Лексаша проглотил остаток второй котлеты и потянулся за третьей:
— Двадцать душ — на одного коня?
— Ну! Да еще где, спрашивает, достали. Не верит!
— Конь нынче — дефицит, — сказал Эдик. — Только по большому блату… А раньше, Андреич, помнишь? О колхозе и говорить нечего. А так — и в пожарке целый табун, и в райисполкоме. Садись, гони на Уруп, купай… А ночное и правда! — Опять сильно дернул лобастой головою, затих, только улыбался молча, и лицо у него постепенно разглаживалось, морщин на нем становилось меньше. — У костерка, а?.. Печешь картошку. А кругом ночь. Без единой звездочки! Хорошо, если вдвоем с дружком. А то — один! И тишина. Слышно, как травка под губами у них потрескивает. Пофыркивают вокруг, а потом оглянешься, а он стоит у тебя за спиной, тоже на огонь смотрит, и глазищи — во!

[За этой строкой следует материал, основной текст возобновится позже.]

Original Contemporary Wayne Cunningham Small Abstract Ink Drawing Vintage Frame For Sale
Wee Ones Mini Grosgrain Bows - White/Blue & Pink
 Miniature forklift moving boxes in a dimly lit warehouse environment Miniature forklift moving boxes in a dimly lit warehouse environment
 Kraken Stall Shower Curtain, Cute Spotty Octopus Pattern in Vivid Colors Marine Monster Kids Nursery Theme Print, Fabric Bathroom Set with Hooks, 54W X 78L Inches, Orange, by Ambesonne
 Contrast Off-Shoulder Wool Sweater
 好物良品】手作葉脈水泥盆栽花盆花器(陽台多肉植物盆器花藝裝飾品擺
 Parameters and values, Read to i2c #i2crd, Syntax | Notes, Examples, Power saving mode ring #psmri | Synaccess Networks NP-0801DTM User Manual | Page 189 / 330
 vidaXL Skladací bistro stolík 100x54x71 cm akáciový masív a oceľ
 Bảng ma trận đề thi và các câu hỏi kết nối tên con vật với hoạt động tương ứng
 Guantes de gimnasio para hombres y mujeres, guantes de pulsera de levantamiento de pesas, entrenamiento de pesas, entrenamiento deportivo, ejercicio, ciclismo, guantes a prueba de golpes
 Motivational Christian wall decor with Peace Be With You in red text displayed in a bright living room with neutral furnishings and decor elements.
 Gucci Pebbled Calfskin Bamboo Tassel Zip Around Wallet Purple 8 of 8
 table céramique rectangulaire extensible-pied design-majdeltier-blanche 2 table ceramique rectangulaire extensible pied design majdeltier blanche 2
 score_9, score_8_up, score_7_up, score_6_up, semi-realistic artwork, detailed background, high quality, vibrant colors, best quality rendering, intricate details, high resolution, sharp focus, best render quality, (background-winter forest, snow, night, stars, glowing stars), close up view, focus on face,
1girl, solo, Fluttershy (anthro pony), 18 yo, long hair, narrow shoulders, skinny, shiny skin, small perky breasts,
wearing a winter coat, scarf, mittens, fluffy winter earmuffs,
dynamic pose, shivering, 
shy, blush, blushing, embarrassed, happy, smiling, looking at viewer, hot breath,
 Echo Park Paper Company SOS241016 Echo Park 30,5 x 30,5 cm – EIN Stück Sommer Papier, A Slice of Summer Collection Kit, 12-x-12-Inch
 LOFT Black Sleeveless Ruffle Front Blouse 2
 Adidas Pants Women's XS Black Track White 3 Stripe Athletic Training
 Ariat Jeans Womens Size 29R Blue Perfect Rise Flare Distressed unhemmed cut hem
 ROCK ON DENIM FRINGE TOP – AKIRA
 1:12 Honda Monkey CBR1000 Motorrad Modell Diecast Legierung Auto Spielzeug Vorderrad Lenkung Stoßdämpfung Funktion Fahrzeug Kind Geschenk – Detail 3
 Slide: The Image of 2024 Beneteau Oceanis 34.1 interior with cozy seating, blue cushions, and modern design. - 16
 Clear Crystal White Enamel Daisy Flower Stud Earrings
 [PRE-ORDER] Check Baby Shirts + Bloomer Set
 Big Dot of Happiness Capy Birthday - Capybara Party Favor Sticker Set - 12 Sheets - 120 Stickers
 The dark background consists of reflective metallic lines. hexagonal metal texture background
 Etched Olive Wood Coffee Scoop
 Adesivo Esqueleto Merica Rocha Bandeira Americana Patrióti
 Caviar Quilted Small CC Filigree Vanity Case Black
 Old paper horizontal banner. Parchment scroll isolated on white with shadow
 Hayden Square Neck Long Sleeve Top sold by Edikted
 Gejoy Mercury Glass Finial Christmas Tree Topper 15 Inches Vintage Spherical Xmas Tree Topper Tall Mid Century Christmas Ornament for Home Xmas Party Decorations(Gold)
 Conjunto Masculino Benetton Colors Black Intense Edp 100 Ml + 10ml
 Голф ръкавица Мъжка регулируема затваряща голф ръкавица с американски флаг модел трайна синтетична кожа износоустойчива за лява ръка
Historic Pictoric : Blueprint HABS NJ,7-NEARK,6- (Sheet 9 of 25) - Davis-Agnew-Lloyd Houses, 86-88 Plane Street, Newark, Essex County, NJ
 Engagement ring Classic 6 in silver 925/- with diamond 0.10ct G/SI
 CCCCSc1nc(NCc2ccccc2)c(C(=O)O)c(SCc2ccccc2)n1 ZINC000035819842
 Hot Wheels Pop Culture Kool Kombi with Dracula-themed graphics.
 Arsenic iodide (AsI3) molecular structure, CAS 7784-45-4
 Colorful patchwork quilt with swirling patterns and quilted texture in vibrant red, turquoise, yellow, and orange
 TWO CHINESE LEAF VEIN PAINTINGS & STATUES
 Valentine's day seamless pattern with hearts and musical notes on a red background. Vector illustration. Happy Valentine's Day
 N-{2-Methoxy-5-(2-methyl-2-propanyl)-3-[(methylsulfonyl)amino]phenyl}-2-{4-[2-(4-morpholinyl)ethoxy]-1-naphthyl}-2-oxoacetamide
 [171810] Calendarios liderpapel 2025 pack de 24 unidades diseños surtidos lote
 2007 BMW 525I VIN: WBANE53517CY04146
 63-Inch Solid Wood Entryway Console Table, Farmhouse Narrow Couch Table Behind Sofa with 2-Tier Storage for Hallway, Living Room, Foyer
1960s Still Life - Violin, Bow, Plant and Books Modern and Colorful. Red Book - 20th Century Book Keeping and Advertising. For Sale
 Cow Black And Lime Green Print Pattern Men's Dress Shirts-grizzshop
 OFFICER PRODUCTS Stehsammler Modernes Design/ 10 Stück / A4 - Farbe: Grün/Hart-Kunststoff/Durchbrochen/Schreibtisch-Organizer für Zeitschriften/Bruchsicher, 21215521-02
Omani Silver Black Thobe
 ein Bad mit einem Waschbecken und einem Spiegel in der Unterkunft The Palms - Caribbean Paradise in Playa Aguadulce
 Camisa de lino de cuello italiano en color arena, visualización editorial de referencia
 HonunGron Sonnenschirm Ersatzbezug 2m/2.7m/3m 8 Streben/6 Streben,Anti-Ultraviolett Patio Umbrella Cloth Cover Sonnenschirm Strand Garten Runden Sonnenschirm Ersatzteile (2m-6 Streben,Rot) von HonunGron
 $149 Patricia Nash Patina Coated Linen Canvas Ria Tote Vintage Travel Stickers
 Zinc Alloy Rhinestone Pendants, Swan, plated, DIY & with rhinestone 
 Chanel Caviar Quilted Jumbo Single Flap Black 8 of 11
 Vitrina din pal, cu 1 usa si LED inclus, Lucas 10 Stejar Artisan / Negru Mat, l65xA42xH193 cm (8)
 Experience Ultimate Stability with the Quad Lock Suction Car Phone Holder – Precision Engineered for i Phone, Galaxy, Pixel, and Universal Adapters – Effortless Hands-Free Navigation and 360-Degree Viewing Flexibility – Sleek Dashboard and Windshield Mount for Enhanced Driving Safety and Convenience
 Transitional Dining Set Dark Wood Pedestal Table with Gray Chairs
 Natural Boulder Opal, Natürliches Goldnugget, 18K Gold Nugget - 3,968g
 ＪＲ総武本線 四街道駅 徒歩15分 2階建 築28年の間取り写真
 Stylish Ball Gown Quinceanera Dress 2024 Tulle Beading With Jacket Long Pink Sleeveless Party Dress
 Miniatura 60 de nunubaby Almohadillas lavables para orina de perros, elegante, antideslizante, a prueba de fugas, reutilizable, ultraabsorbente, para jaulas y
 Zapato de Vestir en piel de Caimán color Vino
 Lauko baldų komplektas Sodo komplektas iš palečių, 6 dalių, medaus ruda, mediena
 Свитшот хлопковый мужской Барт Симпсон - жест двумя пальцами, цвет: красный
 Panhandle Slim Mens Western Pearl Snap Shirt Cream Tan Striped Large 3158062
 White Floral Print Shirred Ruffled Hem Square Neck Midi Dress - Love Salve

Лексаша Пинаев взял в руки салат из помидоров с огурчиком да с лучком, положил ладонь на белую полиэтиленовую крышку и зачем-то перевернул баночку вверх дном. Смотрел, как поднимаются вверх масляные прожилки.
— Съели итальянцы наших лошадей, правильно. Потому и молодежь теперь такая пошла. В железках понимает, а души в ей нету. Нету! А откуда ей взяться? Ну вот так прикинуть — откуда?
Хоть бы поставил банку на место — еще уронит!
Эдик вдруг передернулся, будто его ударило током:
— Куда он пропал — только за смертью посылать! — Небритое лицо его опять пошло морщинами, опять постарело. Положил грязную пятерню на другую банку, ловко приподнял крышку, двумя пальцами отщипнул от пилюстки. — Капустки подрубать пока, что ли?
— А мне Володька Степовой рассказывал, когда в отпуск приезжал, — сказал дядя Павлик Посевин, — у англичан так: до его придешь — уйдешь голодный. Хлеба дак и вообще не едят. Мол, от его поправляются. А если его к себе пригласишь, да еще под это дело, — в рот пароход! Жрет, как не лопнет…
Лексашка почему-то обиделся:
— Откуда, грю, душе взяться?
За спиной у Никиты что-то грохнуло, он вздрогнул.
Опираясь кулаком о край сундука, с матраца, который лежал в углу, поднимался, покачиваясь, человек в сером плаще — как его раньше там не заметил? Голова опущена, длинные седые волосы еще закрывали лицо, но Никита сразу узнал: Платонович, старый трубач из Дома культуры. Откинет сейчас со лба волосы, высоко поднимет густые, тоже поседевшие брови, отчаянно сверкнет карими глазами и, словно к чему-то прислушиваясь, замрет, а потом скрипнет зубами и заплачет: «Я столько народу за свой век похоронил!..»
Никите отчего-то всегда его было жалко, а сейчас, когда на чисто выбритом лице Платоновича, таком же дубленом и коричневатом, как высушенная тыква-кубышка, он увидел свежую царапину, ему стало и вовсе не по себе.
Рука у Платоновича вдруг подломилась, и он рухнул на одно колено.
— Да что ты будешь делать, опять! — хлопнул ладонью по колену отец.
Встал и помог Платоновичу подняться. Хотел было усадить его на сундук, но тот шагнул к столу, одною рукой цепко взялся за край, а другую вытянутым указательным пальцем направил сперва на отца:
— А теперь слушай, Михаил! И вы… вы! Тоже слушайте. Мальчик! Понимаете: ма-альчик! — Платонович вскинул брови, глазами сверкнул и тут же скрипнул зубами, однако не заплакал, только слезы навернулись. — Зачем он пришел сюда?.. Пришел, чтобы спасти своего папку! Чтобы забрать его отсюда. А вы спокойно жрете себе — прости мне, Никита, это слово! — да, спокойно жрете, что он принес своему папке, и еще при этом рассуждаете о душе, не стыдно вам?!
— Не выступай, Платонович! — миролюбиво сказал Лексашка. — Без тебя тошно.
Но старик вскинул растопыренную пятерню, и плащ на спине у него стал горбом:
— Ешь котлеты, а душа у мальчика разрывается: папке нес! У него сердце, как у птички, которая в руке, чуть не выскочит. А он помалкивает. Потому что он добрый… ласковый пока. Кто я для него! Платонович, старый алкоголик! А он встретит на улице, снимет шапку: здравствуйте, дядя! Почему он снимает шапку? Уважает меня? Нет, не уважает. Однако он видит во мне то, чего другие давно не видят — чело-века!